**DATA RECORDS**

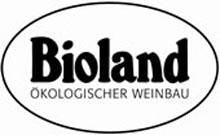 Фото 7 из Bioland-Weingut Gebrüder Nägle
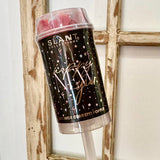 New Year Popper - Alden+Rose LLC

...

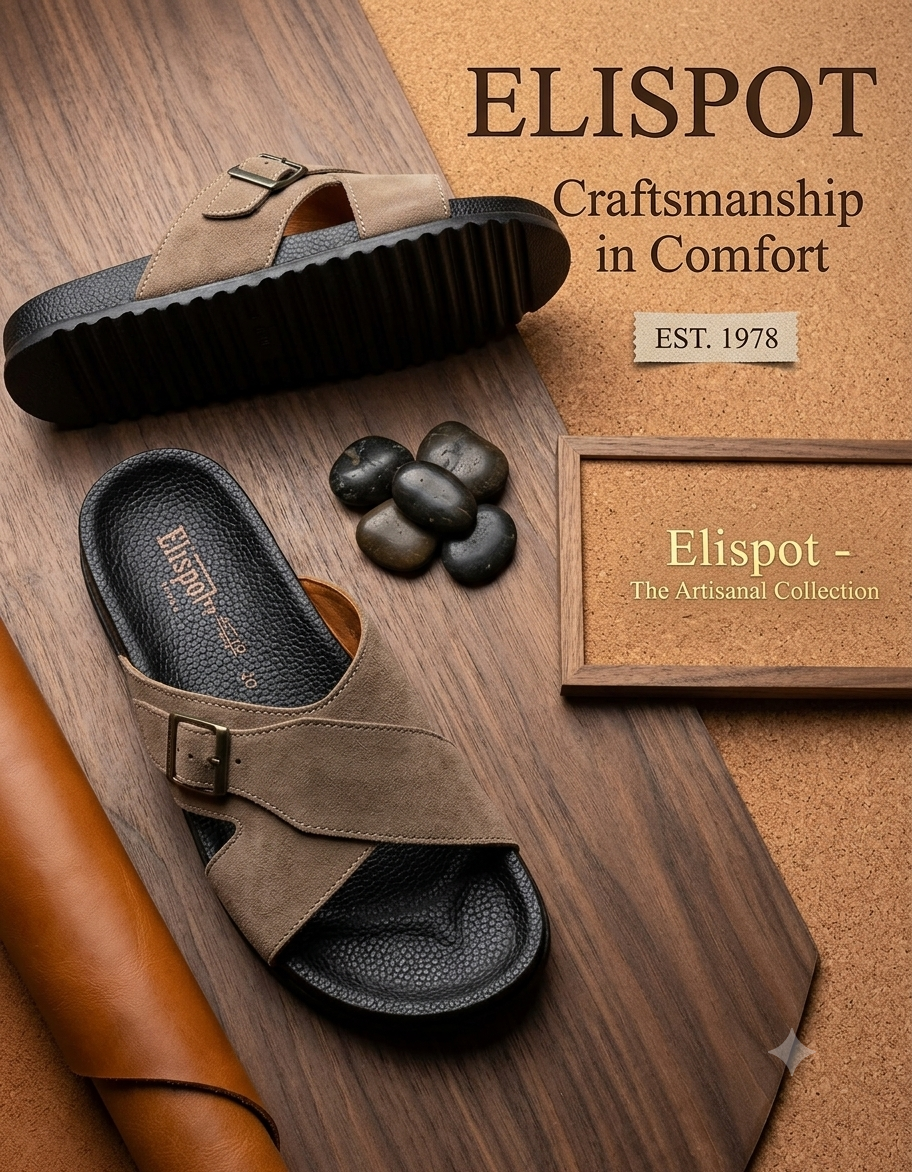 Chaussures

**ASSIGNED TASK**
What belongs in the answer is each line above from the line with "Фото 7 из Bioland-Weingut Gebrüder Nägle" to the line with "New Year Popper - Alden+Rose LLC", inclusive, reproduced exactly and free of pictures.

**SOLVED PROBLEM**
 Фото 7 из Bioland-Weingut Gebrüder Nägle
 New Year Popper - Alden+Rose LLC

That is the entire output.